# [EXERCISE DESCRIPTION]
Starting with the line that contains "245 Tranquillo Road, Pacific" and ending with the final line of the data below, print those lines exactly and nothing else.

# [ENTRIES SUPPLIED]

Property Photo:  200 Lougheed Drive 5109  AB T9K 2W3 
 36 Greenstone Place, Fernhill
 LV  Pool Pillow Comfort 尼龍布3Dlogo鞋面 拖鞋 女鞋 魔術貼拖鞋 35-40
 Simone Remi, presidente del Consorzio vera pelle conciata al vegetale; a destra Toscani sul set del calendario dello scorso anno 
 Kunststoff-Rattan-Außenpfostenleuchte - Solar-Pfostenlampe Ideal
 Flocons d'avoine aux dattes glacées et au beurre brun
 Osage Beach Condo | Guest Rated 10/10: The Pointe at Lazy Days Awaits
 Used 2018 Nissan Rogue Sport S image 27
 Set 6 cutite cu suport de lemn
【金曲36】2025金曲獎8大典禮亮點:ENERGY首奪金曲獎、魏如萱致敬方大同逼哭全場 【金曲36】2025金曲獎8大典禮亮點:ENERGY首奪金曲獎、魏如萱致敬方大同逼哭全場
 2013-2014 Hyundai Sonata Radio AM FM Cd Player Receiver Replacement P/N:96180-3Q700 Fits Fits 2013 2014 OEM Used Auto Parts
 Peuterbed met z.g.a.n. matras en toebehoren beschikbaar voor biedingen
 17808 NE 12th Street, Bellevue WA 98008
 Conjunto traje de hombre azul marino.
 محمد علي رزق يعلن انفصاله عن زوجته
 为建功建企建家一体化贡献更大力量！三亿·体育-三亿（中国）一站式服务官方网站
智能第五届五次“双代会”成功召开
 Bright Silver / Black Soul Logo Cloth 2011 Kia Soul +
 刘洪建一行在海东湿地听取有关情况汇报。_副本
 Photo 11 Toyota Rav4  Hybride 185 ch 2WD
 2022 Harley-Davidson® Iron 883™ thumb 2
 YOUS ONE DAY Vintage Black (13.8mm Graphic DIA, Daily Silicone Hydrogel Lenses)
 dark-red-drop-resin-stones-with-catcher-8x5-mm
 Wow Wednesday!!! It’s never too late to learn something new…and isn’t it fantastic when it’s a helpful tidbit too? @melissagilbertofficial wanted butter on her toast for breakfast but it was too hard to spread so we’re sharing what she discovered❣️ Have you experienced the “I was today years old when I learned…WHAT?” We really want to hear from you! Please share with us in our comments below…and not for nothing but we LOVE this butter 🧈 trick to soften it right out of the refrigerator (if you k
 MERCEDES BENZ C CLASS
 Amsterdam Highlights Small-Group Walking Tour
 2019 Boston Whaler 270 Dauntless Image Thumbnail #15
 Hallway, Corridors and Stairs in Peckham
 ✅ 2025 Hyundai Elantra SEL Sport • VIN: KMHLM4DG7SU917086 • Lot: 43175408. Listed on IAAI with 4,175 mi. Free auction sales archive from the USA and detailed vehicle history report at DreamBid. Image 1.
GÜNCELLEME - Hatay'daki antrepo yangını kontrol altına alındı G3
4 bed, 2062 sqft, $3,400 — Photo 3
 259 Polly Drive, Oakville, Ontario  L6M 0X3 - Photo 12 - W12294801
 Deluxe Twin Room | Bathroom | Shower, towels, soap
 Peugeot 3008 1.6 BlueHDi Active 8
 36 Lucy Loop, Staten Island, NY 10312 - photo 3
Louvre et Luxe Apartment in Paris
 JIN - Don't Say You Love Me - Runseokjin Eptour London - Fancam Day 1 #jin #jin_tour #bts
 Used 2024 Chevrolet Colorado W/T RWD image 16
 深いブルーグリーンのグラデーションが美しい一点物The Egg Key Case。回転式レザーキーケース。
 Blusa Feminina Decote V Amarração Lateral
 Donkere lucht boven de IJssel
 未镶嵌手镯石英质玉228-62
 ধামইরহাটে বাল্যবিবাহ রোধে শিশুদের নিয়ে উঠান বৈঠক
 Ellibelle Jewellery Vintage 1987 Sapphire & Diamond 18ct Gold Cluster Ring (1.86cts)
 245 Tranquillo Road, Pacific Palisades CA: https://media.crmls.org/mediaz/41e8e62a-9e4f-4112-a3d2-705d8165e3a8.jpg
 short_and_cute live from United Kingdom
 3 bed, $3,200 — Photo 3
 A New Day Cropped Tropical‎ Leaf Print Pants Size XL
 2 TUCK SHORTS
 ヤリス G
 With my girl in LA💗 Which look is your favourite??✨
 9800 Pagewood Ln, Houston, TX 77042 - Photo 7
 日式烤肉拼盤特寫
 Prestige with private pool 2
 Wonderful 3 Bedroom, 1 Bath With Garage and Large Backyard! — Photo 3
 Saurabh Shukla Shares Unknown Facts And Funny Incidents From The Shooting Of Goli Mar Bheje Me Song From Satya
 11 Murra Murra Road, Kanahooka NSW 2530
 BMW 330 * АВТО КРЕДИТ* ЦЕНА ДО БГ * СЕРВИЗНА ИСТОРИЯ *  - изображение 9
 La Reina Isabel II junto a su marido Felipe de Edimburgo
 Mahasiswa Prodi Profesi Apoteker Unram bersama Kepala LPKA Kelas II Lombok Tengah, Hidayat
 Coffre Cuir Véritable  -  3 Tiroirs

# [THE COMPLETED TASK]
 245 Tranquillo Road, Pacific Palisades CA: https://media.crmls.org/mediaz/41e8e62a-9e4f-4112-a3d2-705d8165e3a8.jpg
 short_and_cute live from United Kingdom
 3 bed, $3,200 — Photo 3
 A New Day Cropped Tropical‎ Leaf Print Pants Size XL
 2 TUCK SHORTS
 ヤリス G
 With my girl in LA💗 Which look is your favourite??✨
 9800 Pagewood Ln, Houston, TX 77042 - Photo 7
 日式烤肉拼盤特寫
 Prestige with private pool 2
 Wonderful 3 Bedroom, 1 Bath With Garage and Large Backyard! — Photo 3
 Saurabh Shukla Shares Unknown Facts And Funny Incidents From The Shooting Of Goli Mar Bheje Me Song From Satya
 11 Murra Murra Road, Kanahooka NSW 2530
 BMW 330 * АВТО КРЕДИТ* ЦЕНА ДО БГ * СЕРВИЗНА ИСТОРИЯ *  - изображение 9
 La Reina Isabel II junto a su marido Felipe de Edimburgo
 Mahasiswa Prodi Profesi Apoteker Unram bersama Kepala LPKA Kelas II Lombok Tengah, Hidayat
 Coffre Cuir Véritable  -  3 Tiroirs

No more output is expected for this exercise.